In case I haven’t stressed this enough in previous posts, improving the customer’s experience is a goal all businesses ought to aspire to achieve. If you can learn how to make things better for your customer, you will see the impact on your revenue.
The advantage tech gives businesses
In the kind of market we operate in, the customer – for the most part – decides if a company is winning or losing.
If customers are unhappy about the company’s product, or operations, they may simply use a competitor’s products. What this means for the business then, is that it needs to find ways to keep the customer happy.
Technology gives you the ability to do this. Analytical data may reveal that customers get stuck on a specific page on your company’s e-commerce site, for example.
When you understand the customer’s problems, then you can design your products and services around solving those problems.
You may require customers to consent and give you their data, but learn that they do not click consent because they have concerns about their data privacy. Providing an explanation describing what each consent is, will help you overcome this resistance. See the analysis of Google’s explanations.
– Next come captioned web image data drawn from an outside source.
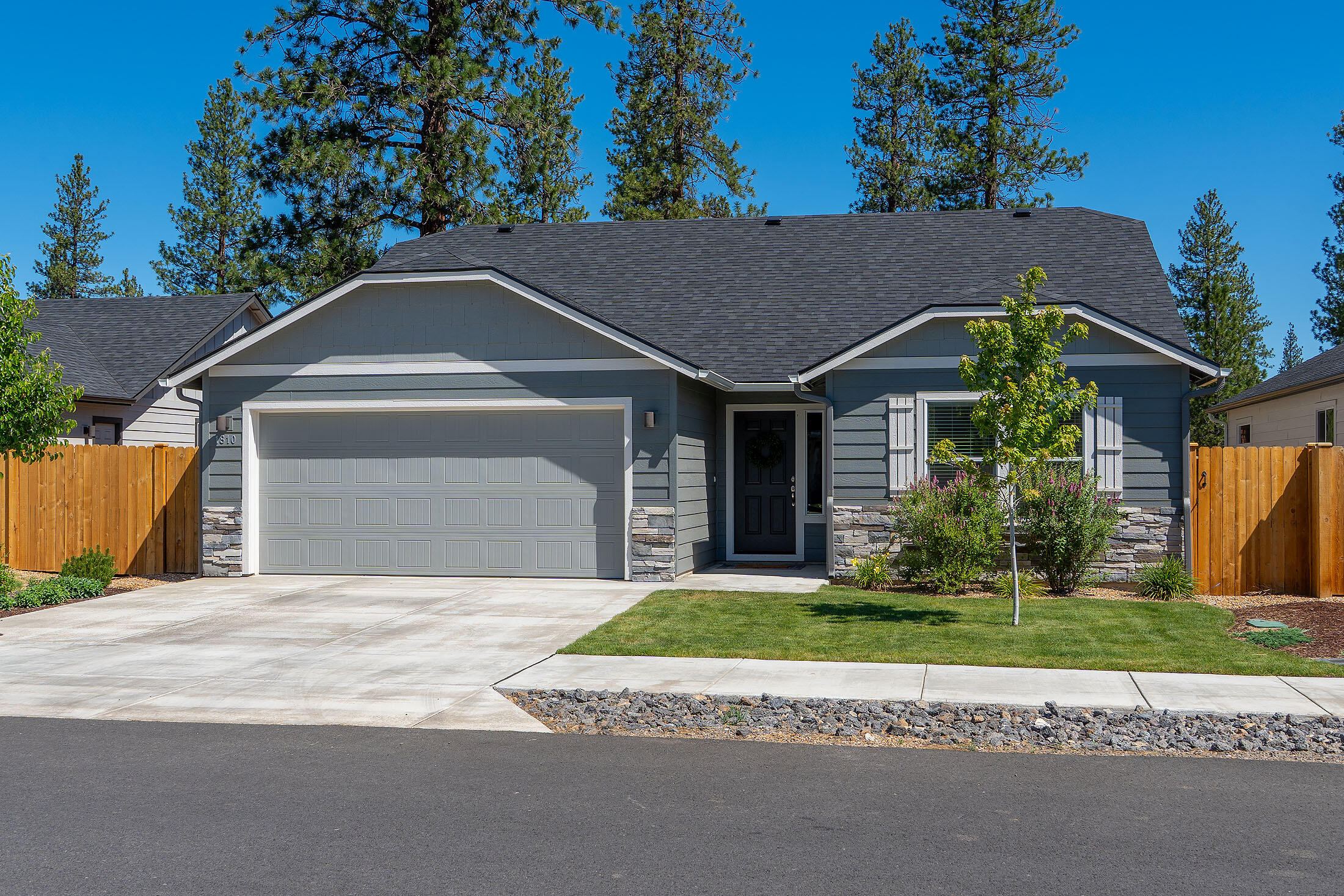 Enjoy the sense of privacy this home offers, backing up to private, tree-filled land. Inside, you'll find thoughtful upgrades including white cabinetry, quartz kitchen countertops, and high-end laminate plank flooring throughout the great room, kitchen, and dining area.

At 1,408 square feet, this home proves that a mid-sized home can still feel spacious and refined. Vaulted ceilings enhance both the dining area and the generous living room, while the open-concept kitchen creates an inviting space for gathering and entertaining.

Located in McKenzie Meadows Village this home is within walking distance to top-ranked schools and world-class recreation.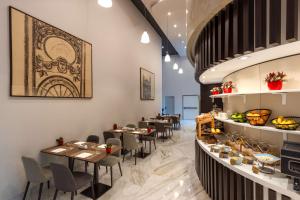 a restaurant with tables and chairs in a room at NH Collection Budapest City Center in Budapest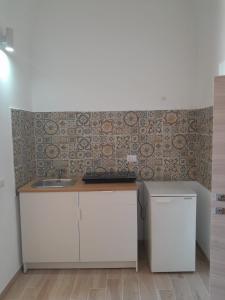 a kitchen with a counter and a sink and a wall at La Coccola in Leporano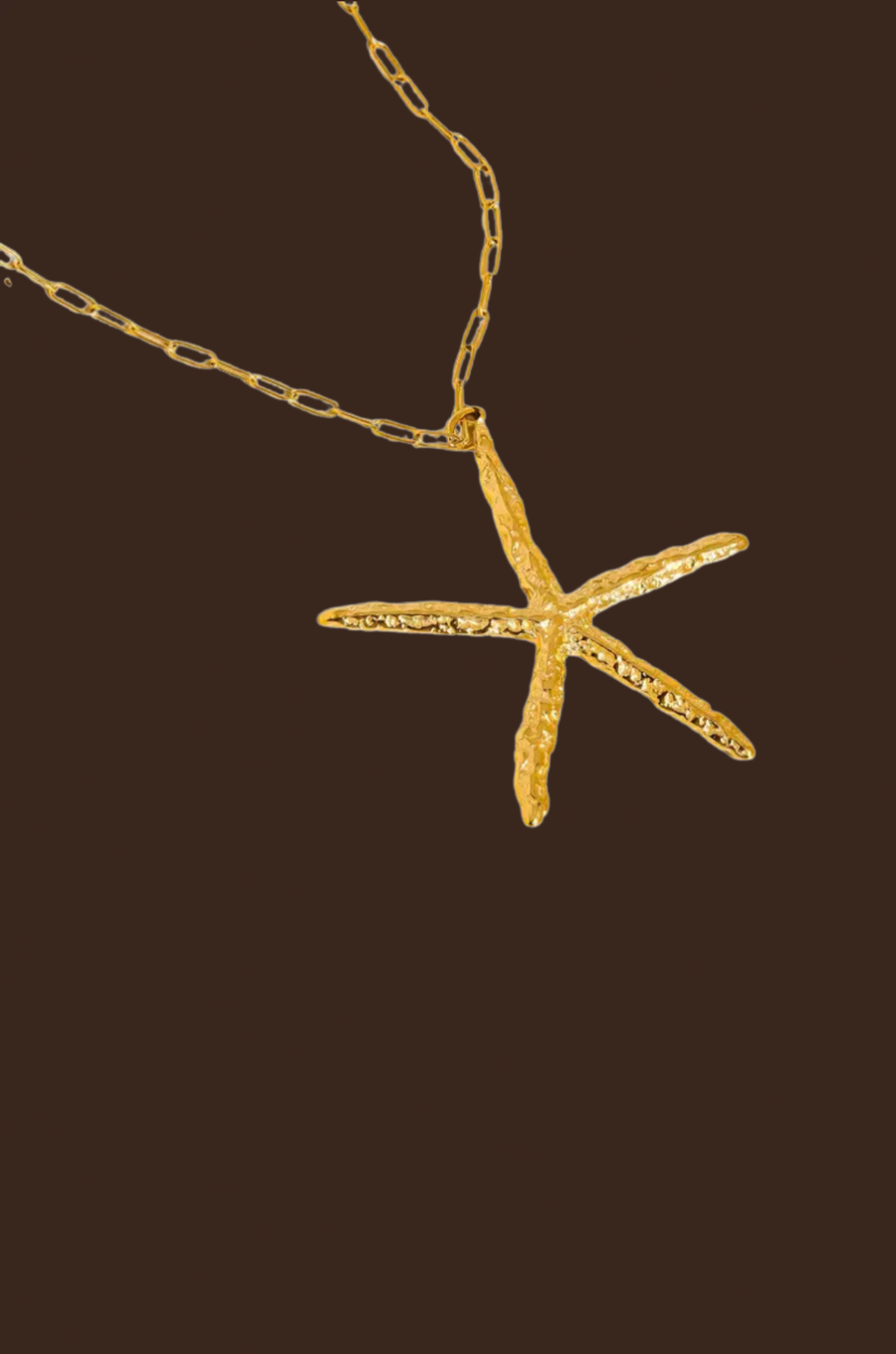 18K Gold Non-Tarnish Statement Starfish Necklace
18K Gold Plated
Stainless Steel
Pendant Size: 1.39" / Chain Length: 30.3" / Extension Length: 2"
Lead-free
Nickel-safe
Hypoallergenic
Water Resistant
Gold starfish necklace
Another example explanation use:
Informing the user that a specific route is recommended on the GPS because the shorter route has traffic, may just be what prevents you from losing trust from a customer that thinks the routes provided on the GPS are always long.
The damage tech can cause
Similar to betrayal in relationships, when the business has much information about its customers, it can lead to the company exploiting the customer.
An example of this was seen in 2018 when Facebook sold its users’ data to third parties.
This can have detrimental effects on a company (See Facebook’s 2018 decline data here).
But, more importantly, trust is lost.
Today, customers can access more information than was ever possible before. If not handled responsibly, technology may lead to the demise of a business.
Conclusion
With each step, you take to understand and develop your product and service, the question is always:
“Does the company benefit because of serving the customer,” or “Does the company benefit because of exploiting the customer?”
Does your organisation have any “rules” related to tech use?